We picked the tiny spears of blackberry briars from our clothes, then dropped into the swamp and headed for Freeman’s cave. Ten minutes later, we were there, stepping silently across beds of moss that grew like a royal carpet leading to a royal throne.
For a moment, Wesley stood frozen, staring up at the covered mouth of the cave head-high above him. He seemed to be listening for a heartbeat, a faint warning that Freeman was there and did not want to be found. Then he called, barely in a whisper, “Freeman?”
There was no answer. Wesley stepped closer. I followed, touching him. “Freeman? You there?” I called.

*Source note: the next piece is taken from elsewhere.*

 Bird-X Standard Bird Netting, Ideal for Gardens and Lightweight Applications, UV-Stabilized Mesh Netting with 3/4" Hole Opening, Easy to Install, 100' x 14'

No answer. Wesley pulled quickly up the slight incline and pushed away the doorway of brush leading into the cave, and crawled inside. “C’mon,” he said.
Freeman was not in the cave, but he had been there. We could feel his presence, as though the heat of his body had coated the hard clay walls. Just enough light slipped in under the lip of the opening to prove Freeman had spent his hiding there. There were dead coals of a fire, a mattress of pine needles, squashed-out rabbit tobacco cigarettes, and wadded wax paper from the sandwiches Mother had prepared.
“Wonder how long he’s been gone?” I asked, rolling over on Freeman’s pine-needle bed.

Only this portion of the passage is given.